◆ **What you have to do**
The records below hold a stretch from the line with "Formal Living Room" through the line with "X Money account"; return exactly those lines, ends included, and nothing more.

◆ **Records to use**
┌────────

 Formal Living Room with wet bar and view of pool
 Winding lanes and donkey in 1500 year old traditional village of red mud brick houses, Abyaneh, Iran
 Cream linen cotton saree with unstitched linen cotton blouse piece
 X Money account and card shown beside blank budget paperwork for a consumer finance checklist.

└────────
┌────────

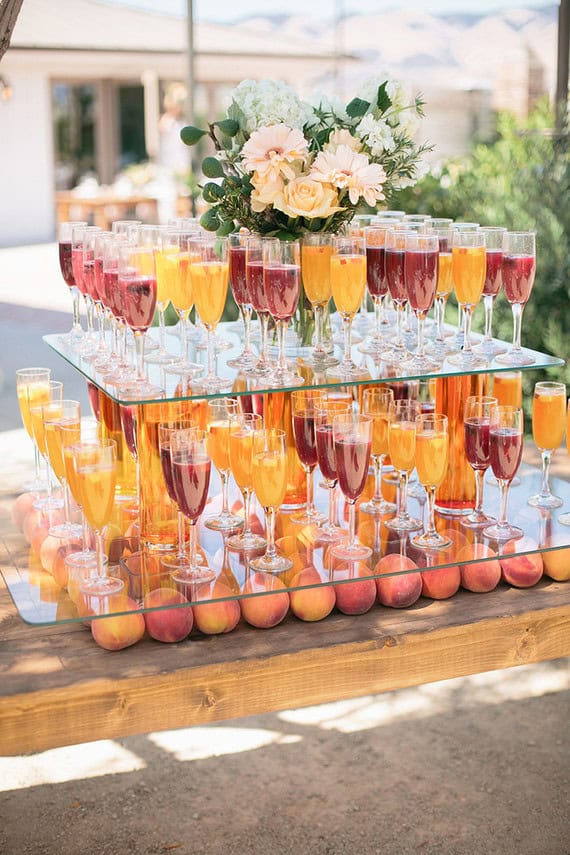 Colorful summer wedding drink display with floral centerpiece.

└────────

◆ **Response**
 Formal Living Room with wet bar and view of pool
 Winding lanes and donkey in 1500 year old traditional village of red mud brick houses, Abyaneh, Iran
 Cream linen cotton saree with unstitched linen cotton blouse piece
 X Money account and card shown beside blank budget paperwork for a consumer finance checklist.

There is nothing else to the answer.